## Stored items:
• • • • •
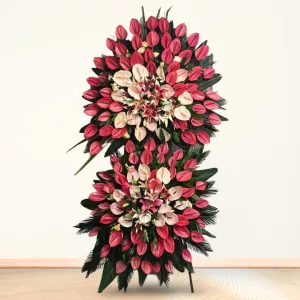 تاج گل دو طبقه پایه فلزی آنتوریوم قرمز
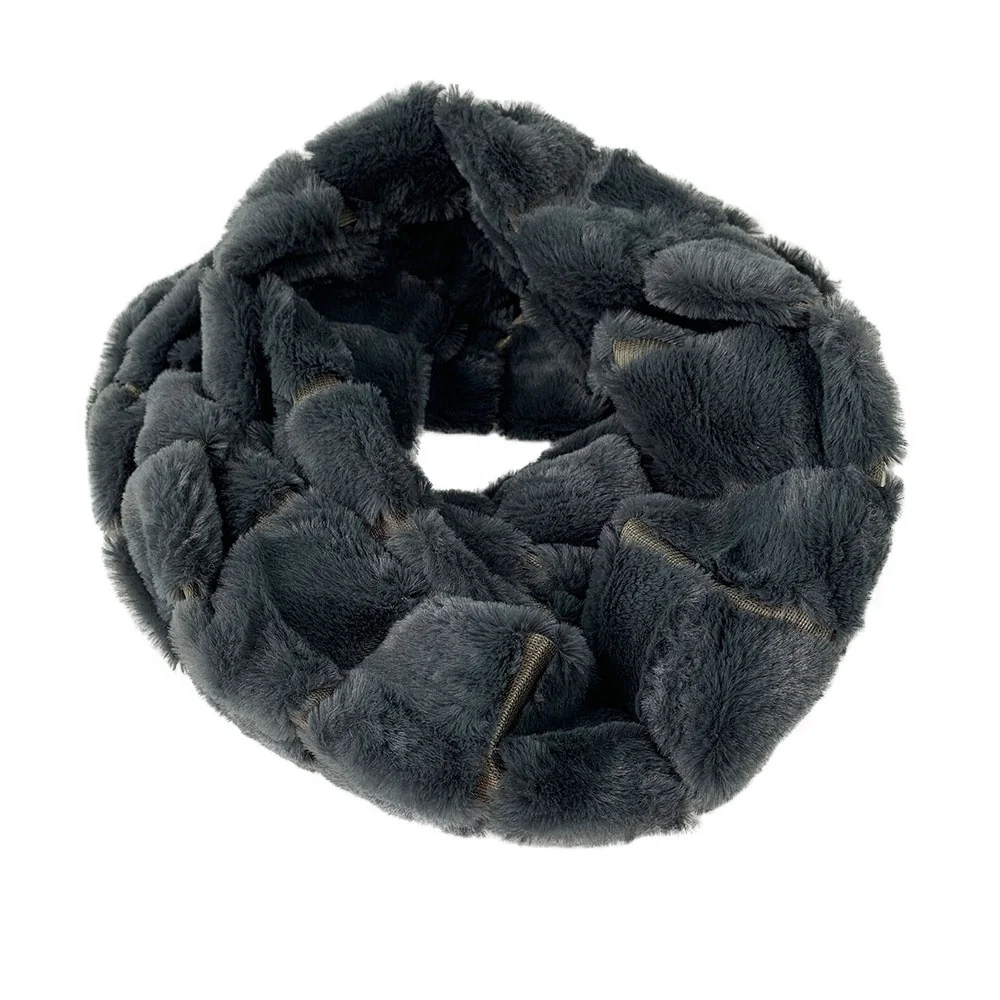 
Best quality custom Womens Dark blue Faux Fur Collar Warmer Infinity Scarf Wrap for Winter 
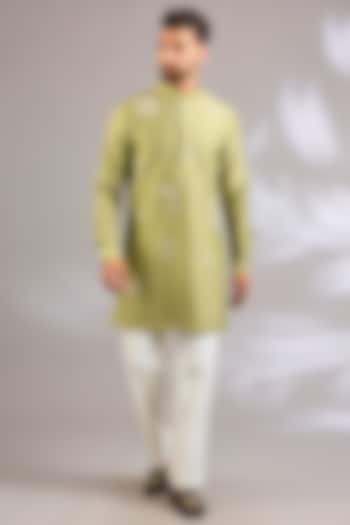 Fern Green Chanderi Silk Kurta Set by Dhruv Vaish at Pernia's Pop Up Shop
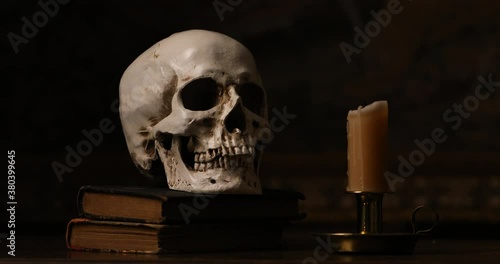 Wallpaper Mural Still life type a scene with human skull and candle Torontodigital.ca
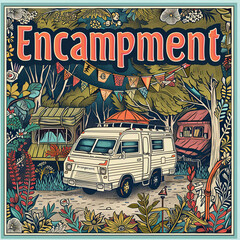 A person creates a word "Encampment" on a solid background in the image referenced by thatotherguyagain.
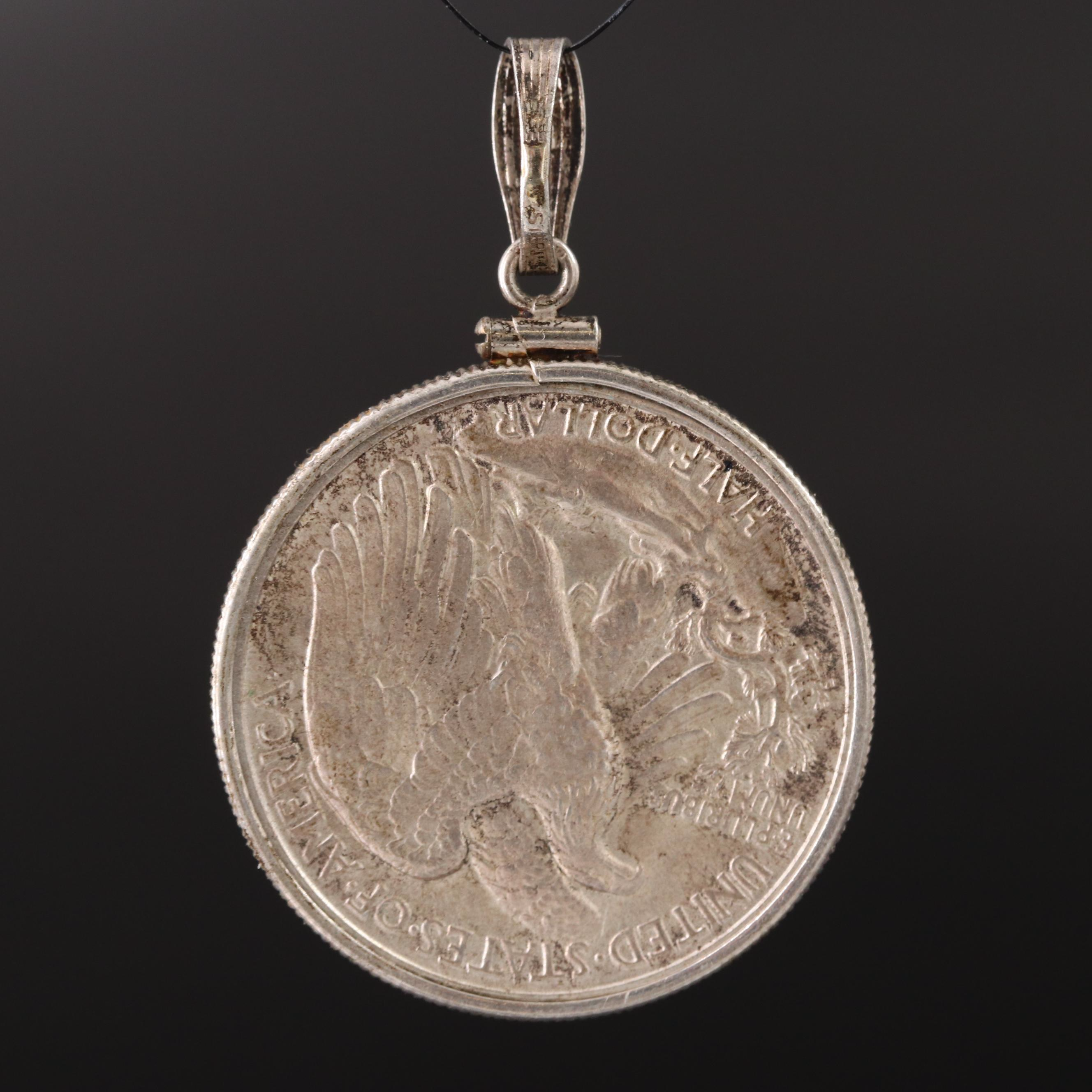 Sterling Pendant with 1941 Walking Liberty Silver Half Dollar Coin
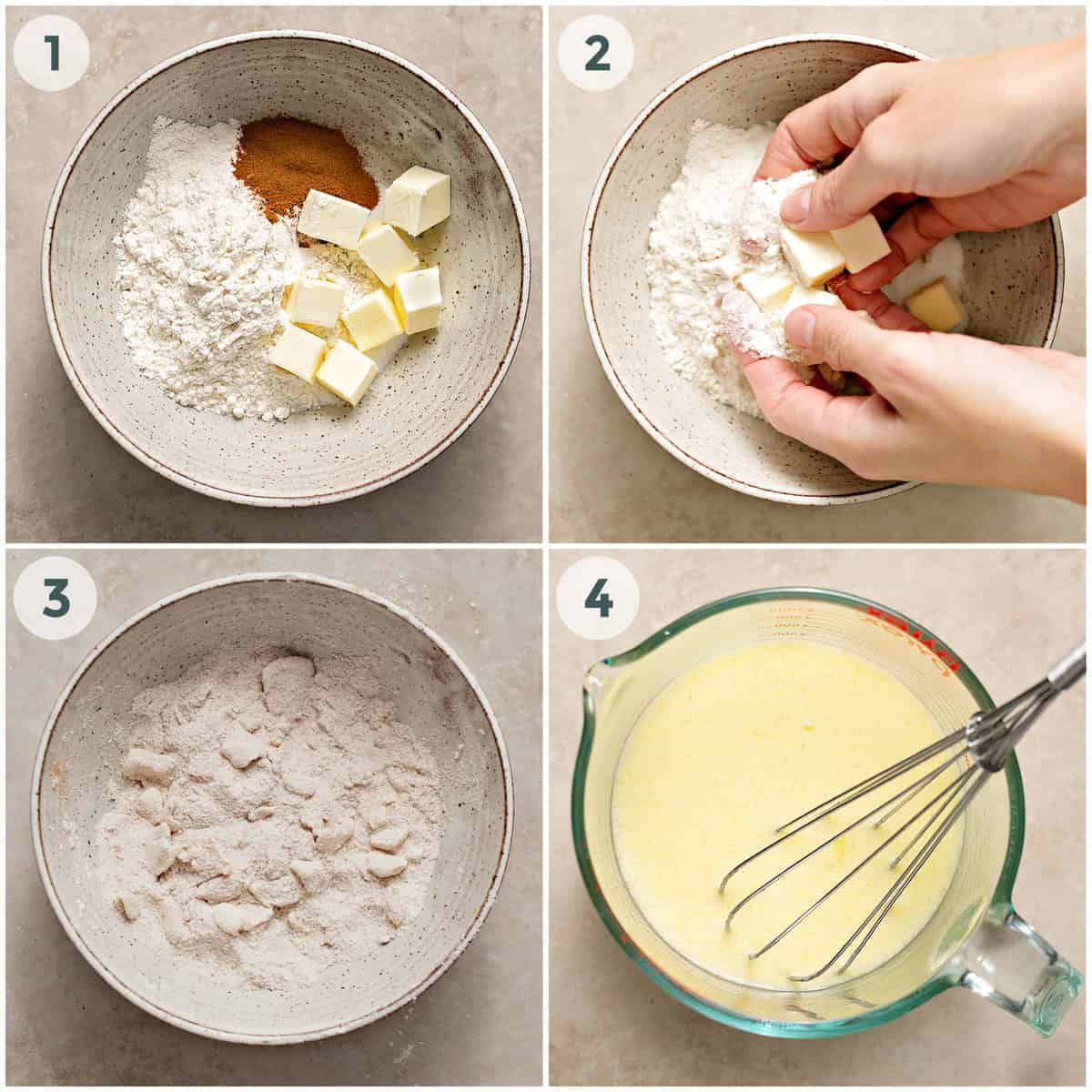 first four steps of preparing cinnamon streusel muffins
• • • • •
## WHAT THE EXERCISE ASKS:
Each line above is to be copied exactly, and the pictures are to be dropped.

## EXERCISE RESULT:
 تاج گل دو طبقه پایه فلزی آنتوریوم قرمز
Best quality custom Womens Dark blue Faux Fur Collar Warmer Infinity Scarf Wrap for Winter 
 Fern Green Chanderi Silk Kurta Set by Dhruv Vaish at Pernia's Pop Up Shop
 Wallpaper Mural Still life type a scene with human skull and candle Torontodigital.ca
 A person creates a word "Encampment" on a solid background in the image referenced by thatotherguyagain.
 Sterling Pendant with 1941 Walking Liberty Silver Half Dollar Coin
 first four steps of preparing cinnamon streusel muffins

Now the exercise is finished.